If we are to understand how we can make Finland, and Europe more generally, an evermore tolerant society, we need to understand how private sector innovations can be used to instigate nationalised cognitive reassociations of immigrants and refugees (Photo Source: Suomen Pakolaisapu)
When we view Finnish cultural citizenship in this regard, it becomes clear that the socioeconomic empowerment that can be afforded by MONI’s cryptographic platform would do wonders for assisting refugees in their attempts to perform Finnish cultural citizenship correctly. Faster access to welfare support, for example, would facilitate the means by which individuals can find the time to educate themselves so as to become more employable in the Finnish job market, which would then have positive impacts on the national economy as well. Heightened employability can lead to increased financial security, which in turn translates into law abidance and healthy self-realisation as opposed to the classic functionalist trap of latent socioeconomic disenfranchisement translating into manifest social deviance (as discussed in the previous post). As more and more members of the refugee community begin performing the Finnish cultural script correctly, the more likely it is that we can instigate a kind of national cognitive reassociation, whereby being confronted with visual alterity will not cause a differential value estimation of human life. As a result, Finnish law makers might become more amenable to the idea of facilitating the asylum seeking process as opposed to impeding it, but this can only come from a protracted national project of cognitive reassociation so as to make Finland, and Europe more generally, a more tolerant and harmonious place for all. This may even allow for the organic evolution of the script itself, which I’m sure would be a very welcome change in the context of a country that is rapidly changing and evolving in light of globalisation. Some more liberal members of the population are already throwing their support behind welcoming refugees, and this is a fantastic thing, but this kind of disposition is not demonstrated by everyone, which is why a more concerted national project is required so as to get everybody on the same page.

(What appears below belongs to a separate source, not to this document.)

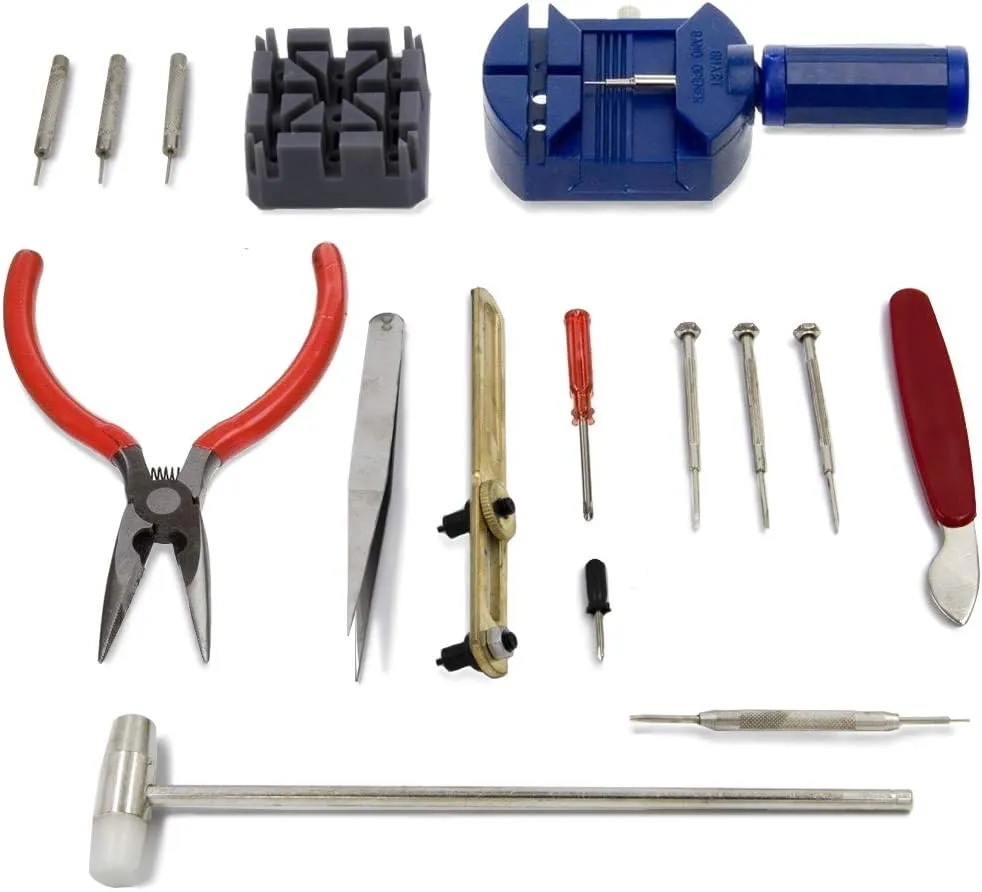 Bild von MMOBIEL 16-teiliges Uhrenmacher Reparaturset mit Armband Pin Link Entferner und Gehäuseöffner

As has hopefully become clear at this point, racialised xenophobia is, at the end of the day, not a matter of aesthetic alterity so much as it is about the cognitive associations that are made between aesthetic alterity and incorrect performances of cultural citizenship.
My aim in this post has not been to suggest that FinTech is the only solution to upgrading Finland’s public and policymaking perception of asylum seekers, but to instead suggest that the social justice movement needs to improve the time-scape by which it expects to enact social change. The aim here has been to demonstrate how developments in the relationship between refugees and FinTech might provide a much-welcome impetus for instigating a kind of nationalised cognitive reassociation that can then serve as the fundamental prerequisite for making Finland and its inherent script of cultural citizenship more inclusive and tolerant for all, regardless of where they’ve come from or what they look like. This is also a lesson that can be applied to many other social justice contexts in which small private sector developments can provide the necessary impetus to kickstart a protracted process that will eventually lead to organic, sustainable social change as well.